▶ _Exercise requirements_: Below are lines of data; restate word for word those running from the line containing "Luxury Ocean Spa" to the line containing "ダイハツ ムーヴ キャンバス", inclusive, and no others.

▶ _Provided records_:

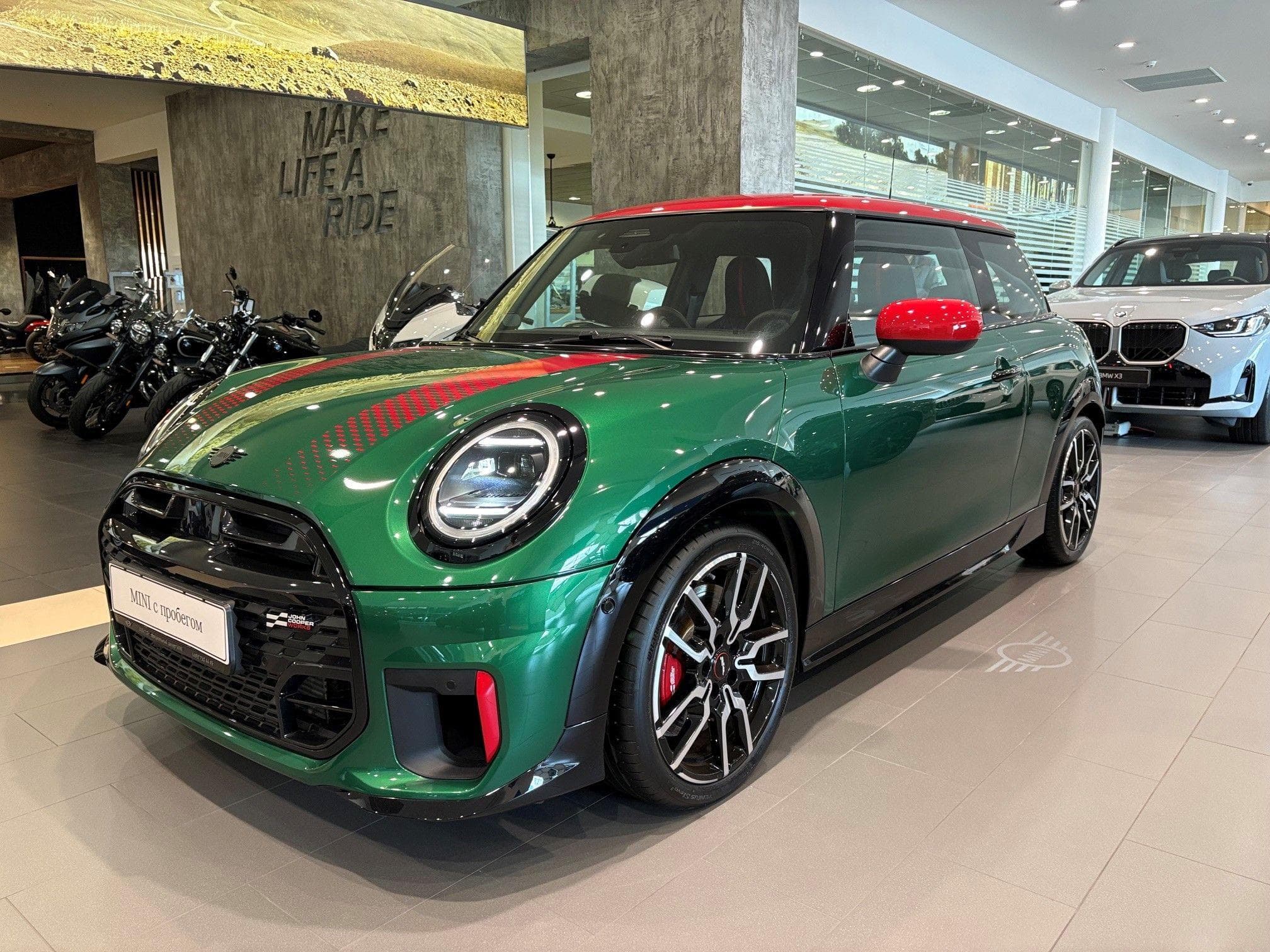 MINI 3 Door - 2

--

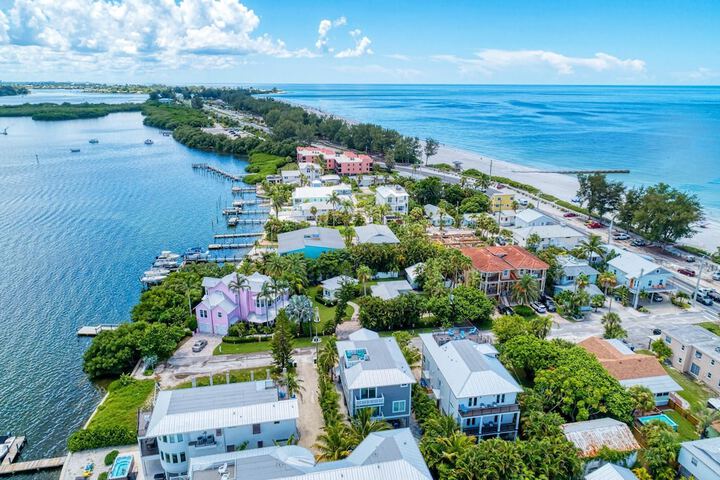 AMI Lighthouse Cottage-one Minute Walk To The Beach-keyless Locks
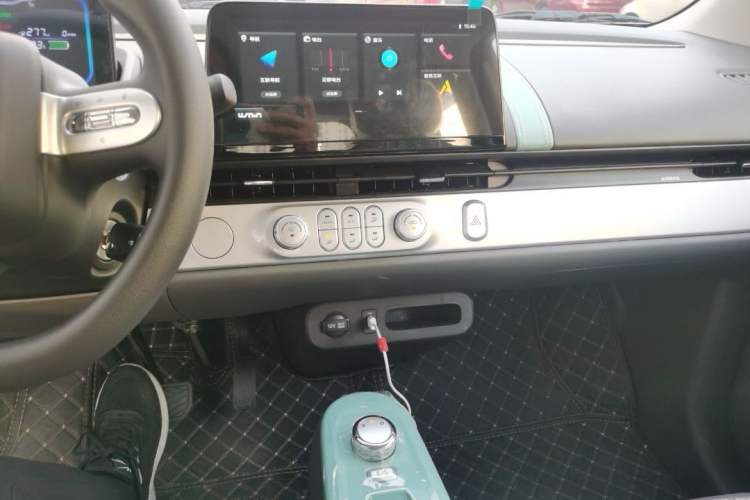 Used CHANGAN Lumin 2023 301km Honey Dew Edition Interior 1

==

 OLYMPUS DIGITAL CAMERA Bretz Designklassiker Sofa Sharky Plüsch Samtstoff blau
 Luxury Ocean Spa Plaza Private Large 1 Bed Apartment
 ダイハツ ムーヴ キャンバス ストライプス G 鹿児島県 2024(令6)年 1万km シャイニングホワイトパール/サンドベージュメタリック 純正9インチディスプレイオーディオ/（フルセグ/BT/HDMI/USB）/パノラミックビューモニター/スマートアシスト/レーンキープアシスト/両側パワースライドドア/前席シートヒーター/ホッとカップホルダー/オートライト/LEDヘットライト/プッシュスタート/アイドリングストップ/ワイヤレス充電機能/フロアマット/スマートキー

▶ _Reply to the task_:
 Luxury Ocean Spa Plaza Private Large 1 Bed Apartment
 ダイハツ ムーヴ キャンバス ストライプス G 鹿児島県 2024(令6)年 1万km シャイニングホワイトパール/サンドベージュメタリック 純正9インチディスプレイオーディオ/（フルセグ/BT/HDMI/USB）/パノラミックビューモニター/スマートアシスト/レーンキープアシスト/両側パワースライドドア/前席シートヒーター/ホッとカップホルダー/オートライト/LEDヘットライト/プッシュスタート/アイドリングストップ/ワイヤレス充電機能/フロアマット/スマートキー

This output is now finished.